/MPEst

Primary LanguagePythonMIT LicenseMIT

PyLint Check code style Code style Unit Tests

Installation

pip install mpest

Abstract

This package contains realization of em algorithm for solving the parameter estimation of mixture distribution problem:

$$p(x | \Omega, F, \Theta) = \sum_{j=1}^k \omega_j f_j(x | \theta_j)$$

  • $p(x | \Omega, F, \Theta)$ - mixture distribution
  • $f_j(x | \theta_j) \in F$ - $j$ distribution
  • $\omega_j \in \Omega$ - prior probability of $j$ distribution
  • $\theta_j \in \Theta$ - parameters of $j$ distribution

The problem is to find $\Omega$ and $\Theta$ params of custom mixture distribution with known (or guessed) $k$, $F$ and guessed or randomized initial approximation.

This package uses EM algorithm tuned to work with different distributions models and optimizers, which could match the given interfaces. This allows using this package even for mixture distribution of different distributions classes. For example mixture distribution of both Gaussian and Exponential distributions.

Usage

The package can work with mixture distribution of any combination of models, which implements AModel abstract class. EM algorithm result can be calculated by using EM class with AOptimizer implementation and guessed or random initial approximation.

Given samples should be wrapped in MixtureDistribution then by using EM.solve the result will be calculated. EM class depends on ABreakpointer, ADistributionChecker and AMethod objects. :

  • ABreakpointer class $-$ the EM algorithm breakpointer function. There are few basic realizations of that abstract class in that package.
  • ADistributionChecker class $-$ sometimes because of using math optimizers in M-step of EM algorithm, some distributions inside mixture distribution can become degenerated. Such distributions may be detected and removed from calculations. There are few basic realizations of that abstract class in that package.
  • Method class $-$ for E and M steps. In each method there are few variants of E step. Sometimes M step object uses AOptimizer :
    • AOptimizer/AOptimizerJacobian classes $-$ math optimizers for M step of algorithm. There are few SciPy optimizers made follow the given interfaces.

Code example

import numpy as np

import matplotlib.pyplot as plt
import seaborn as sns

from mpest import Distribution, MixtureDistribution, Problem
from mpest.models import WeibullModelExp, GaussianModel
from mpest.em.methods.method import Method
from mpest.em.methods.likelihood_method import BayesEStep, LikelihoodMStep
from mpest.optimizers.scipy_cobyla import ScipyCOBYLA
from mpest.em.breakpointers import StepCountBreakpointer
from mpest.em.distribution_checkers import FiniteChecker
from mpest.em import EM

base_mixture_distribution = MixtureDistribution.from_distributions(
    [
        Distribution.from_params(WeibullModelExp, [0.5, 1.0]),
        Distribution.from_params(GaussianModel, [5.0, 1.0]),
    ],
    [0.33, 0.66],
)

x = base_mixture_distribution.generate(200)

problem = Problem(
    x,
    MixtureDistribution.from_distributions(
        [
            Distribution.from_params(WeibullModelExp, [1.0, 2.0]),
            Distribution.from_params(GaussianModel, [0.0, 5.0]),
        ]
    ),
)

e = BayesEStep()
m = LikelihoodMStep(ScipyCOBYLA())
method = Method(e, m)
em = EM(StepCountBreakpointer(max_step=32), FiniteChecker(), method=method)
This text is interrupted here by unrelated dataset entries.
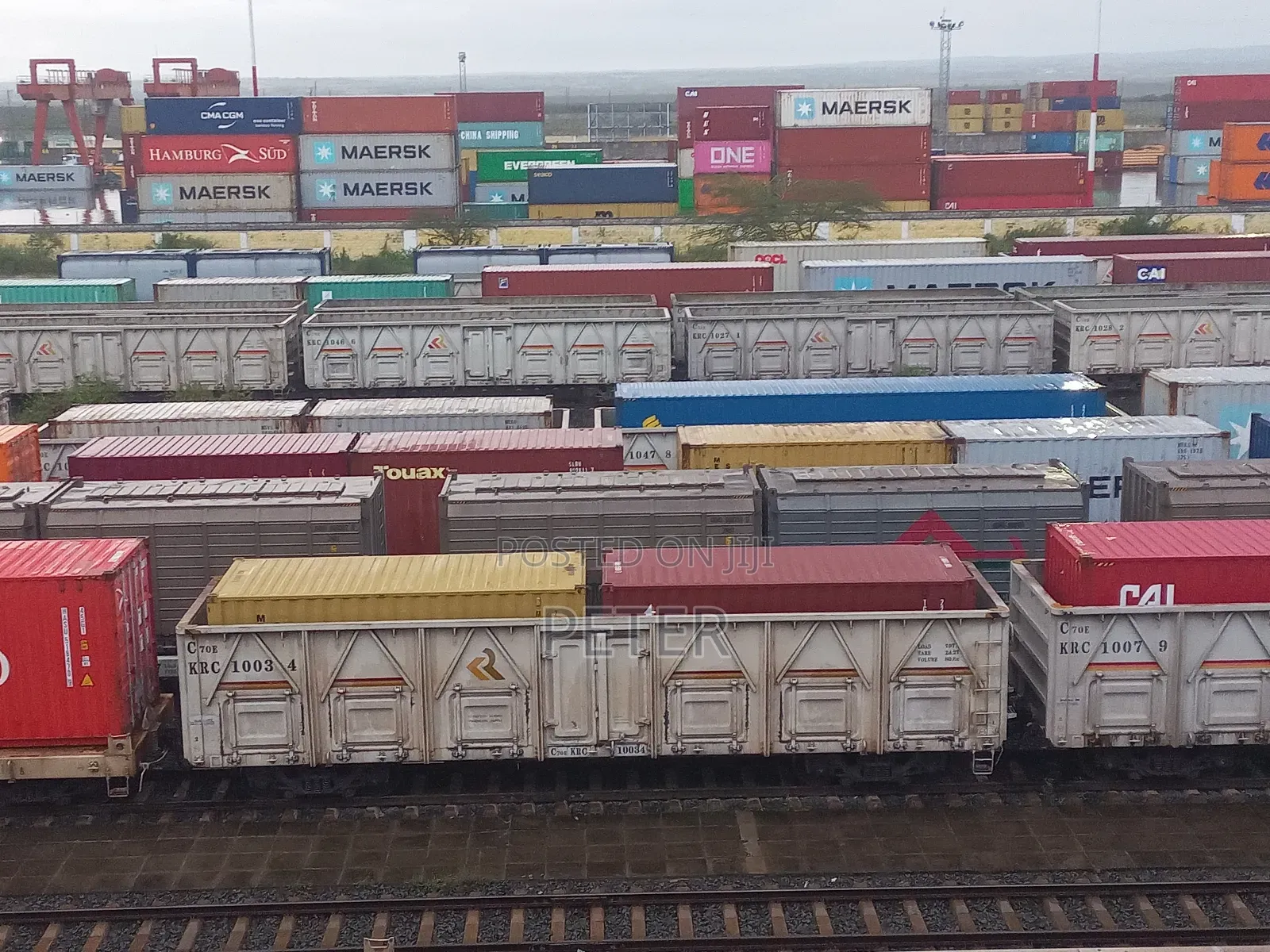 Import,Export, Freight Forwarding, and Transport Services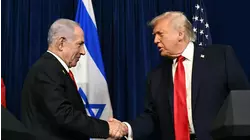 Trump Gives Warnings to Iran and Hamas After Netanyahu Meeting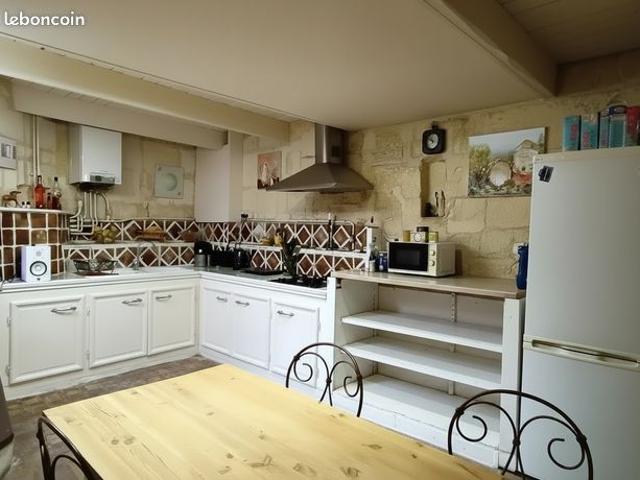 Maison 4 pièces 112 m²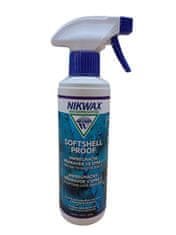 Nikwax impregnace Softshell Proof - Spray 300 ml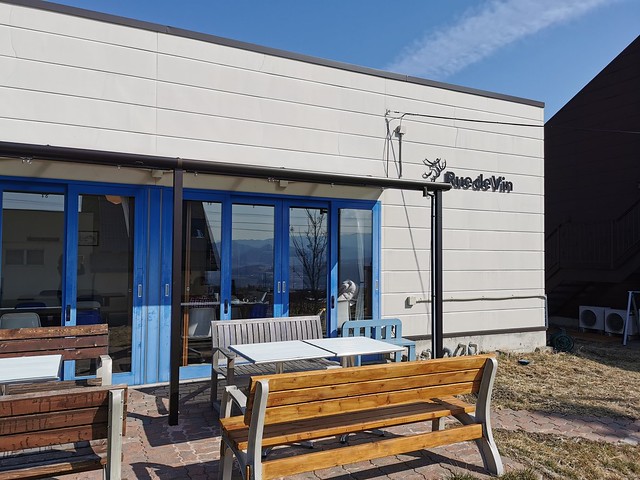 カフェリュードヴァン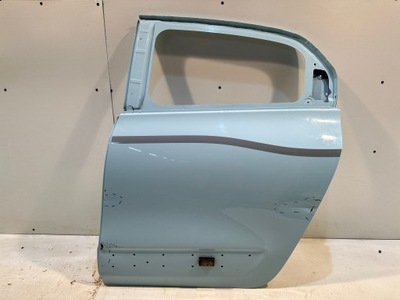 Renault twingo iii дверь левый задняя задние левая фото №1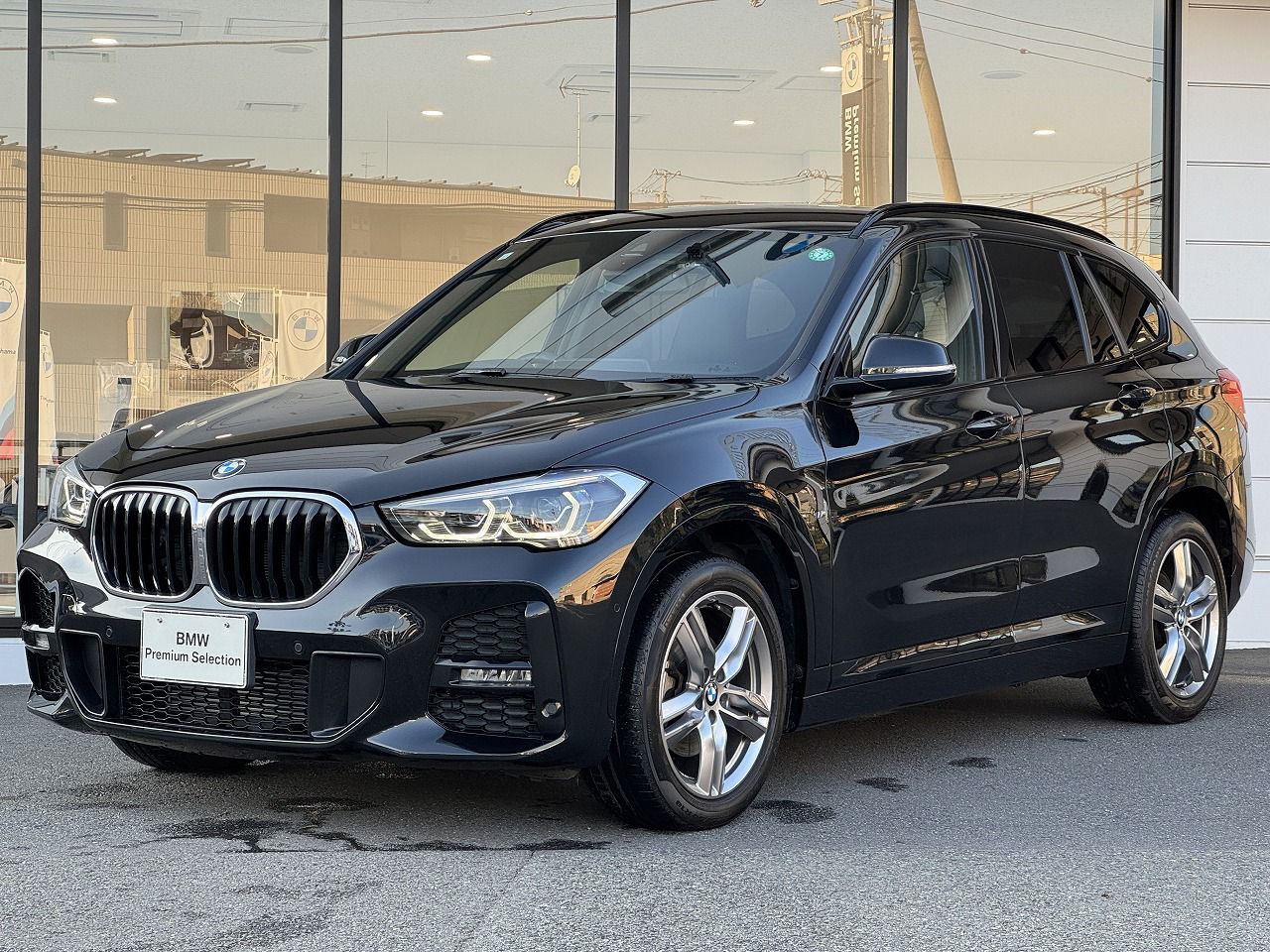 X1 xDrive 18d M Sport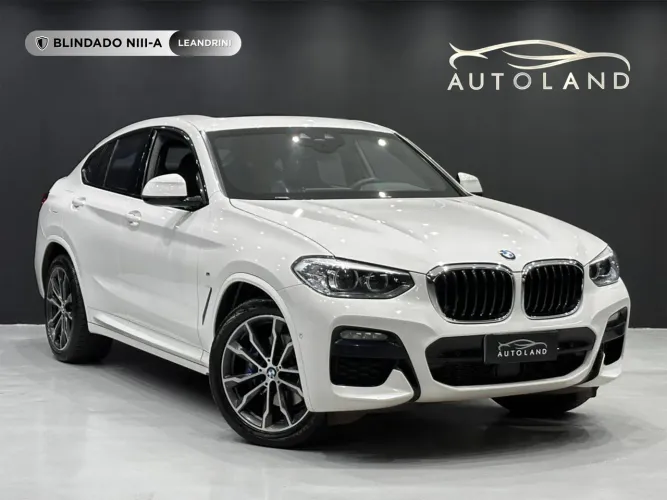 BMW X4 Xdrive 30I M-sport 2.0 TB. 252cv AUT 2021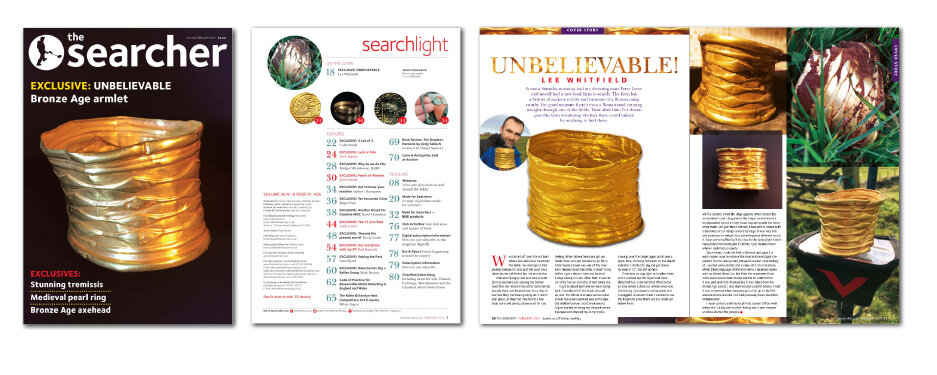 August issue out now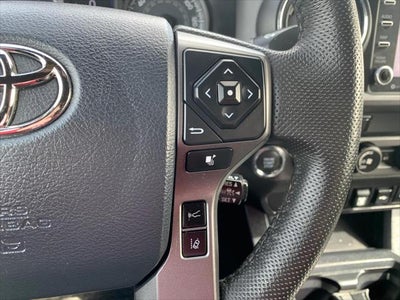 2020 Toyota Tacoma TRD Off-Road
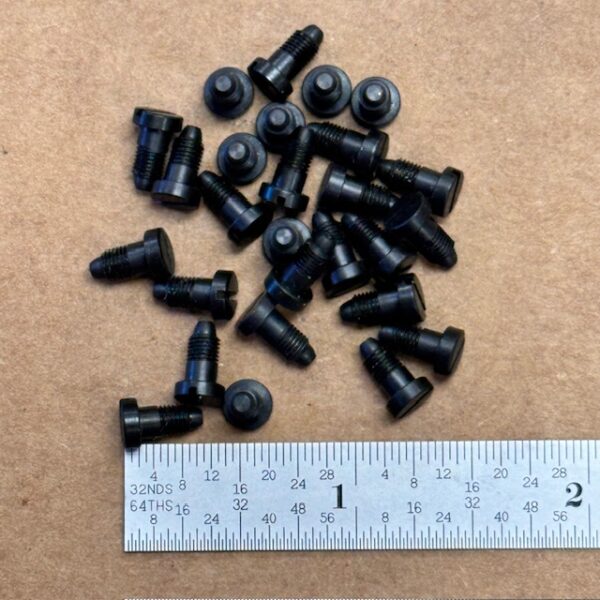 Remington 550 receiver plug retaining screw #204-284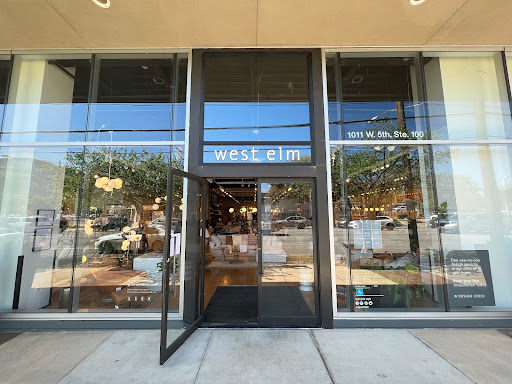 Furniture Store «west elm», reviews and photos, 1011 W 5th St #100, Austin, TX 78703, USA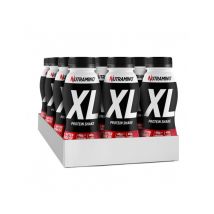 Pak Xl Shake (12x475ml) Aardbei - Eiwitdranken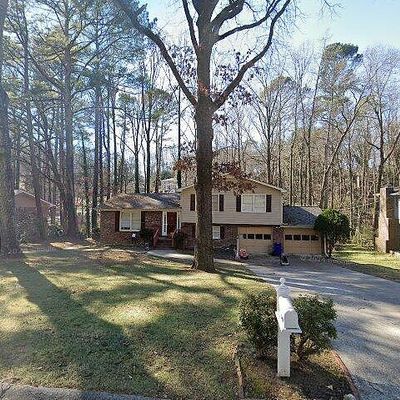 3401 Shorelake Dr, Tucker, GA 30084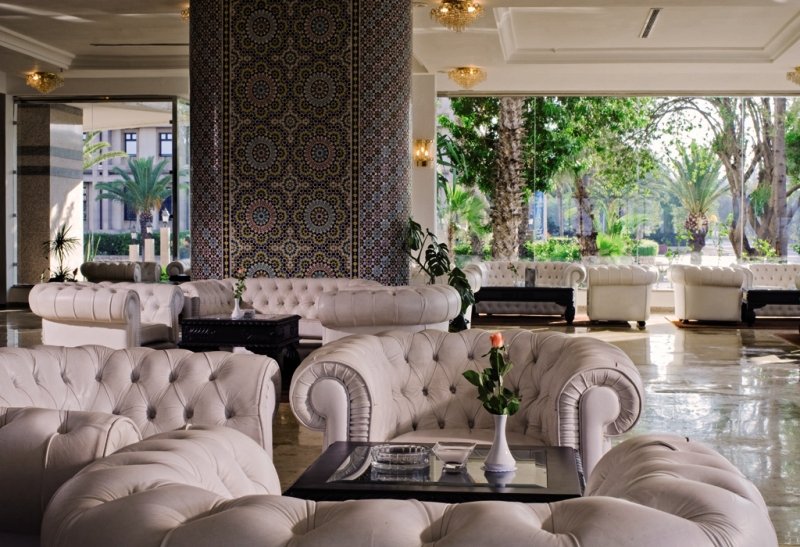 Lounge/Empfang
result = em.solve(problem)


fig, axs = plt.subplots()
axs.set_xlabel("x")

sns.histplot(x, color="lightsteelblue")

axs_ = axs.twinx()
axs_.set_ylabel("p(x)")
axs_.set_yscale("log")

X = np.linspace(0.001, max(x), 2048)
axs_.plot(X, [base_mixture_distribution.pdf(x) for x in X], color="green", label="base")
axs_.plot(X, [result.result.pdf(x) for x in X], color="red", label="result")

plt.legend()
plt.show()

plot

Requirements

  • python 3.11
  • numpy
  • scipy